# Aim of the task:
Below are entries with pictures among them; reproduce exactly, and only, the lines from the one containing "Modern 3 bed" down to the one containing "ASHBURN FARM - Residential Lease", without the pictures.

---------- Exercise material

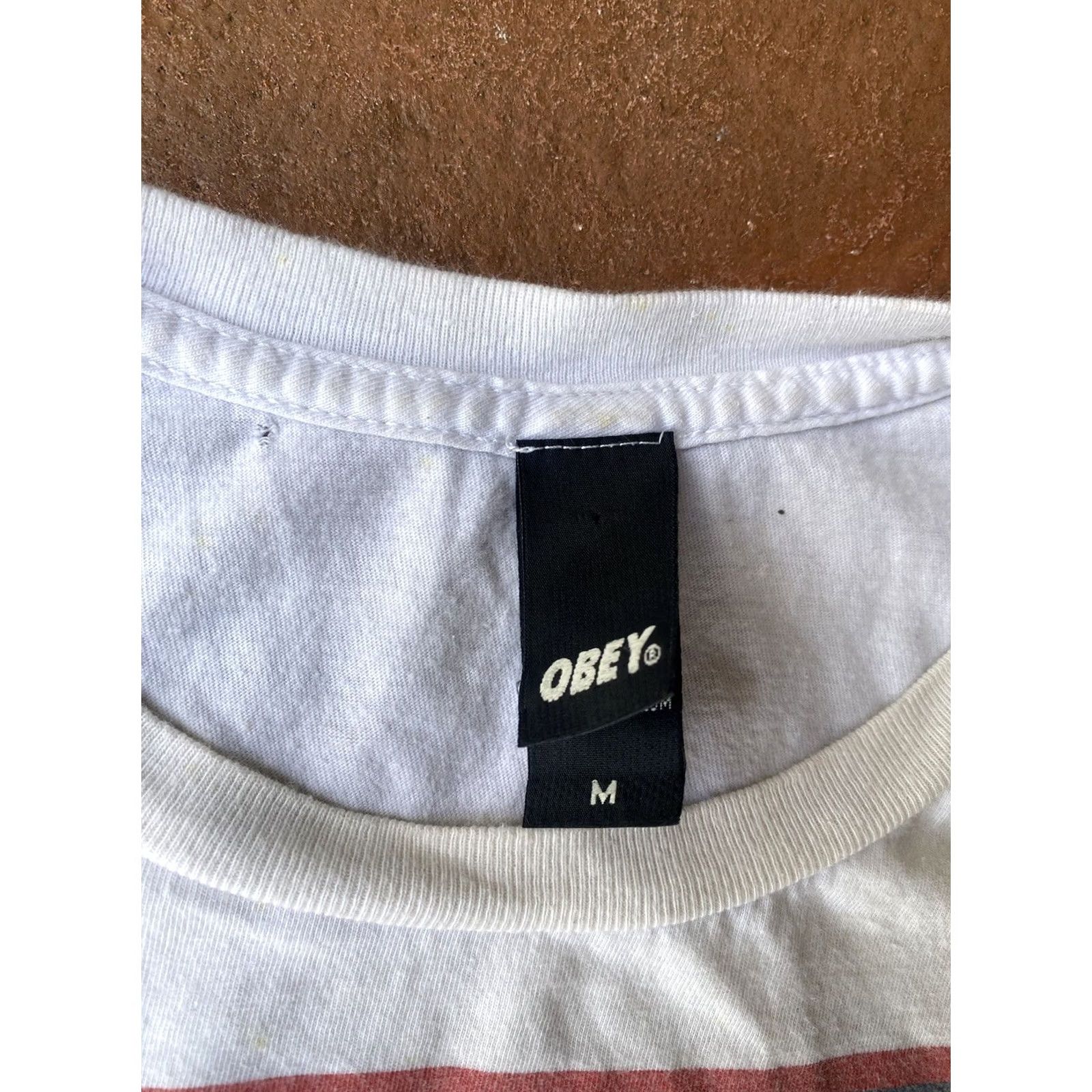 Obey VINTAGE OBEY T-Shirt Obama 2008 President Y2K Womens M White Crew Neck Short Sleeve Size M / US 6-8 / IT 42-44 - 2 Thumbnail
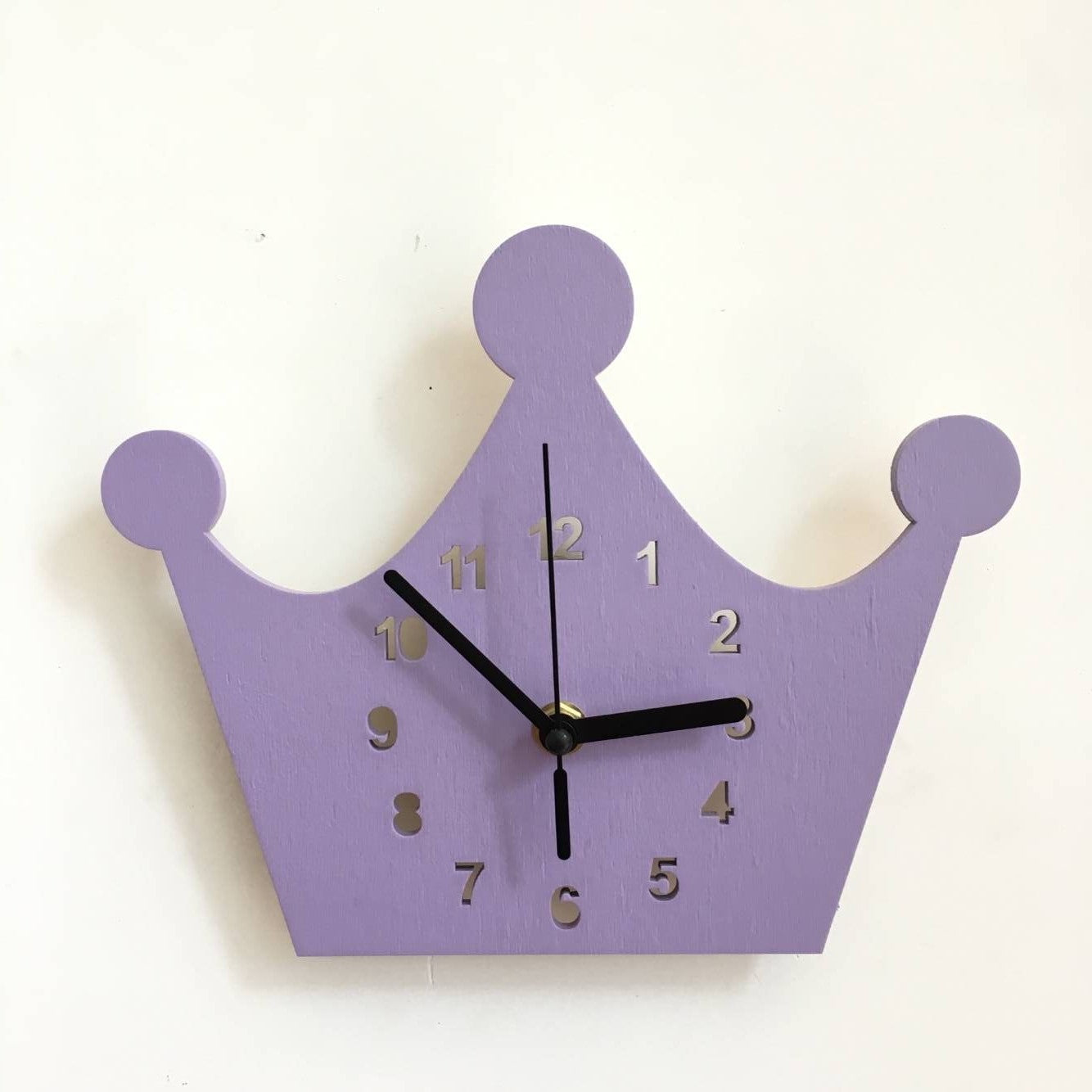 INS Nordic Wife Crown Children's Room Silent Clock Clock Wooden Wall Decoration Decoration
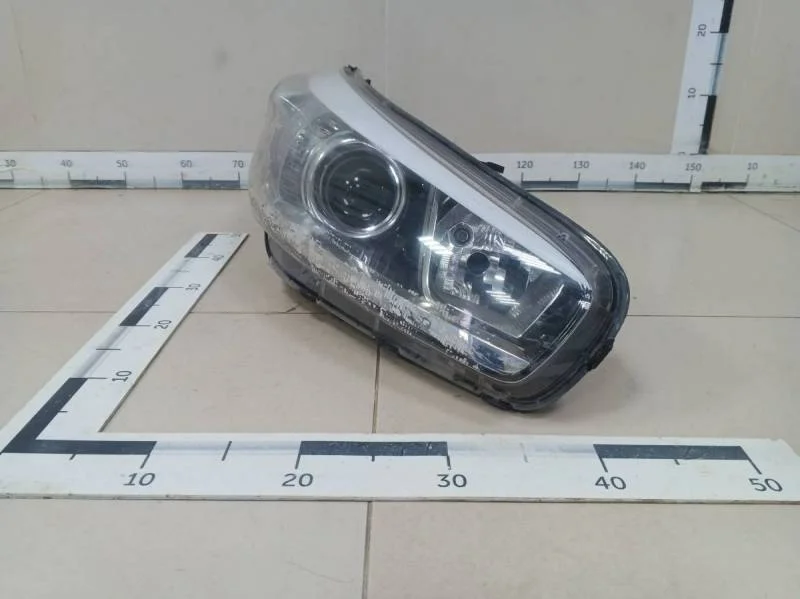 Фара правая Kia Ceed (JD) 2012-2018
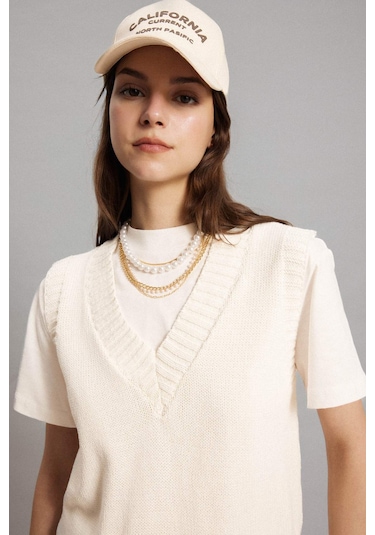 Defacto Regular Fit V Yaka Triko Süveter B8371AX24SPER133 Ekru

--------------------
---------- Exercise material

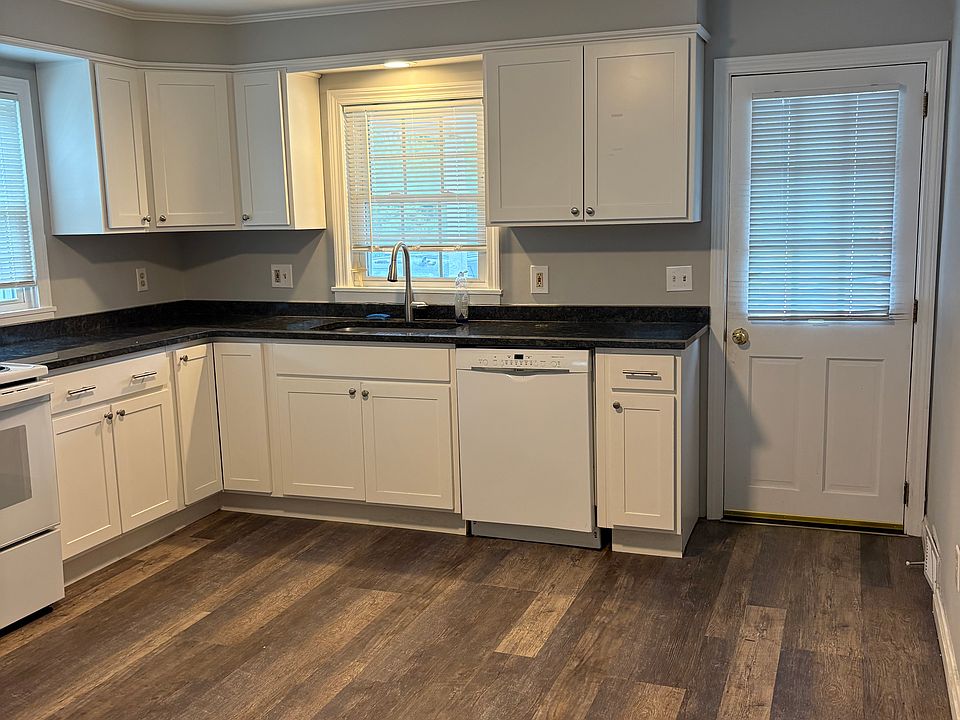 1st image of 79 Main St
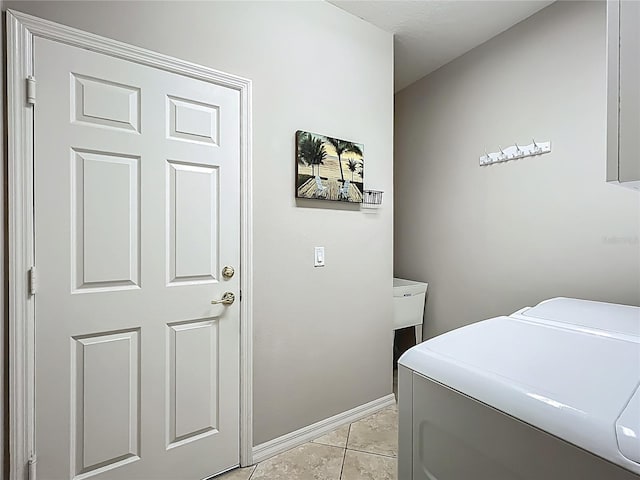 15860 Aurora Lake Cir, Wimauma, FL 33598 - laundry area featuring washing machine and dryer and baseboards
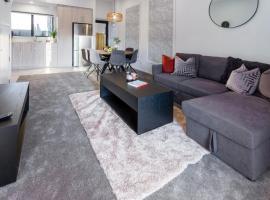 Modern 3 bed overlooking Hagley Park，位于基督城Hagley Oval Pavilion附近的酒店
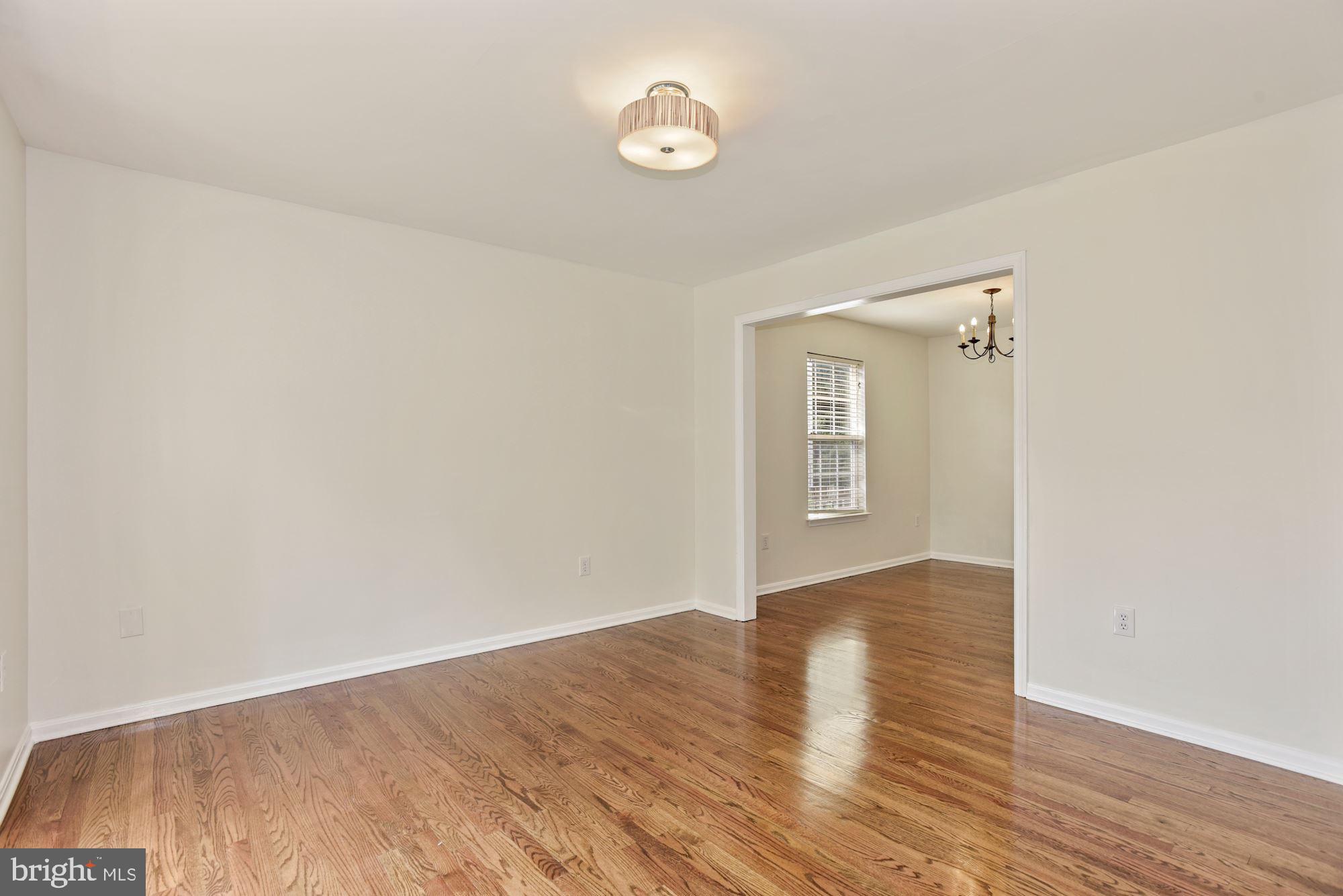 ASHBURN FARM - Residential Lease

--------------------

# Reply to the exercise:
 Modern 3 bed overlooking Hagley Park，位于基督城Hagley Oval Pavilion附近的酒店
 ASHBURN FARM - Residential Lease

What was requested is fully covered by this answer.